Niektóre wrzutki są naprawdę zabawne, jak np. piłkarze z cząstką „wood” w nazwisku z największą liczbą goli albo ci z największą liczbą samogłosek w nazwisku. To rzeczy, które zapamiętujesz i czekasz na dobry moment czy wrzucasz je pod wpływem chwili?

To bardziej domena mojego prywatnego konta. Tam się bawię i wymyślam jakieś randomowe rzeczy, jak zapewne wielu użytkowników. Różnica jest taka, że ja posiadam narzędzia, dzięki którym mogę sobie odszukać i posegregować takie coś w szybkim czasie, a teraz również publikę, która to zobaczy. Poza tym uważam, że ludzie traktują niektóre liczby i statystyki zbyt poważnie, więc dobrze to urozmaicić czymś luźniejszym. Gdy napiszesz, że Roy Hodgson jest o 127 dni starszy niż Estadio Santiago Bernabeu to bardziej to działa na wyobraźnię niż to, że jest najstarszym menedżerem w historii Premier League.

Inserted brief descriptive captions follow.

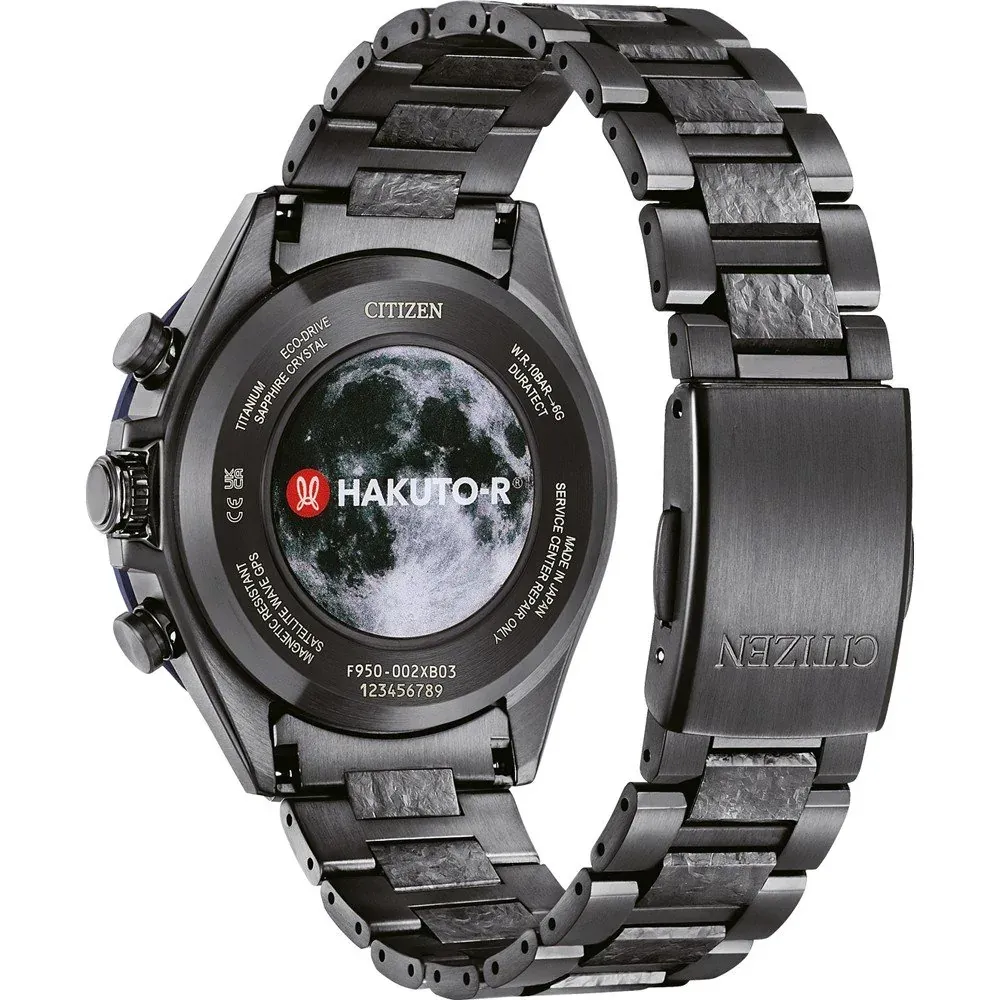 Rear view of the watch on a white background, highlighting the case back with moon illustration and the clasp.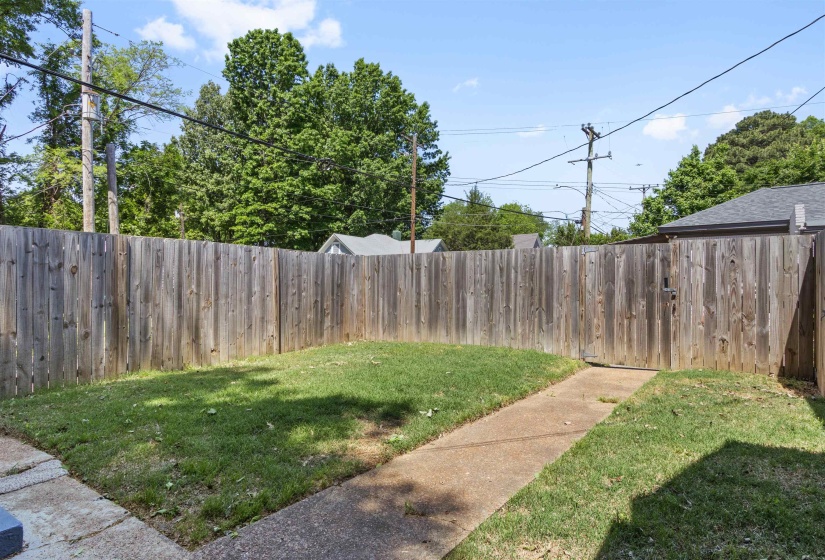 Fenced backyard featuring a grassy area, a concrete pathway, and a wooden privacy fence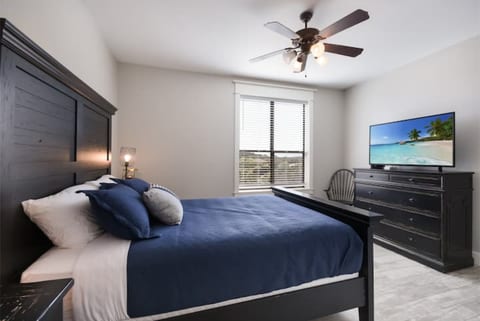 Welcoming private bedroom with a comfortable queen bed, fresh linens, bedside lighting, and thoughtful touches to help guests feel settled and at home during their Lake Travis stay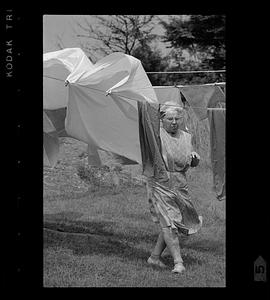 Woman and wind-blown clothesline, Monhegan Island, Maine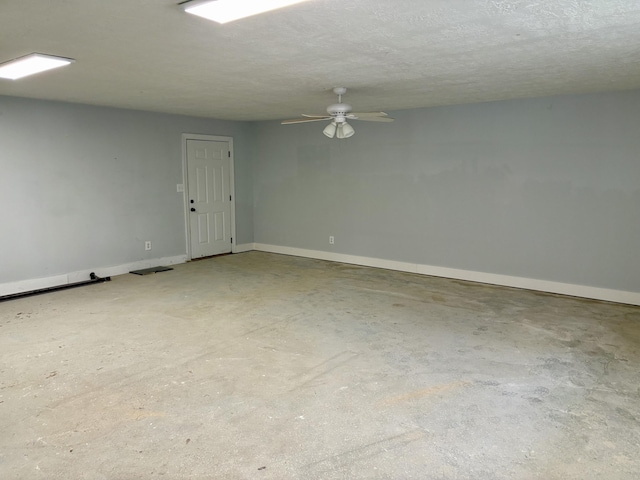 spare room featuring a textured ceiling, visible vents, ceiling fan, baseboards, and concrete flooring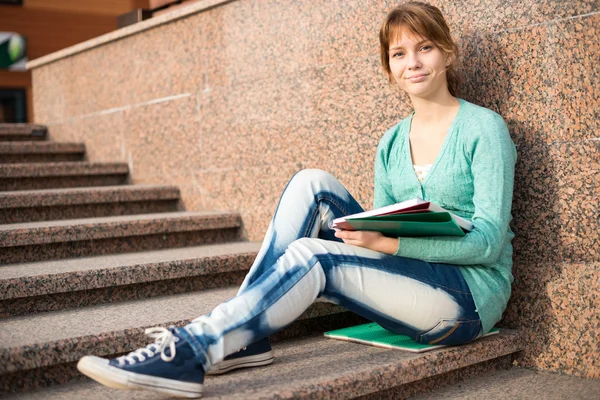 Meisje, zittend op een trap en lezen van de opmerking — Stockfoto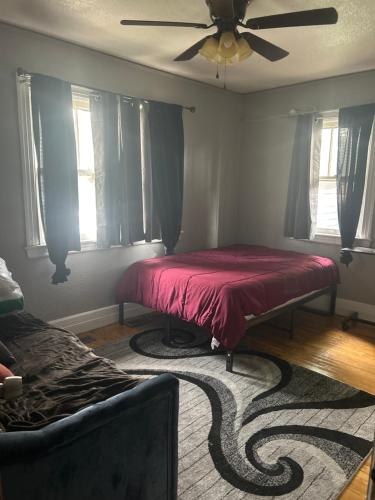 a bedroom with a red bed and a ceiling fan at Historic Retreat in Detroit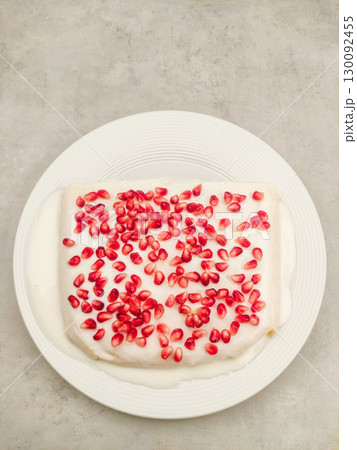 Delicious tres leches milk cake with pomegranate seeds on white plate for birthday 130092455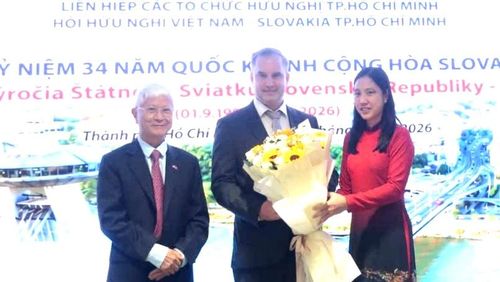 Chủ tịch Liên hiệp các tổ chức hữu nghị TPHCM Hà Thanh trao hoa chúc mừng Đại biện lâm thời Cộng hòa Slovakia tại Việt Nam Marian Veres. Ảnh: THỤY VŨ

Masz jakąś swoją ulubioną ciekawostkę tego typu?

Było tego tak wiele... Ale lubię wszystko, co dotyczy jakiegoś osadzenia w czasie w odniesieniu do piłki i jakiegoś wydarzenia, które ludzie pamiętają albo były jakimś przełomem. W czasie dokończenia Ligi Mistrzów porównałem np. RB Leipzig do Minecrafta.

Dziś dostępność danych jest duża. W jaki sposób zmieniło to oglądanie piłki z perspektywy widza?

Kibic może dziś oglądać mecz w taki sposób, jaki tylko zapragnie. Możesz otoczyć się liczbami, albo mieć ich pod ręką absolutne minimum, skupić się na konkretnym piłkarzu, klubie albo lidze i być swoim własnym ekspertem. Dziś jedne z najlepszych analiz znajdziesz u fanów, którzy regularnie oglądają mecze i dzielą się swoją wiedzą, a nie w programach telewizyjnych. To zasługa powszechnej dostępnosci liczb.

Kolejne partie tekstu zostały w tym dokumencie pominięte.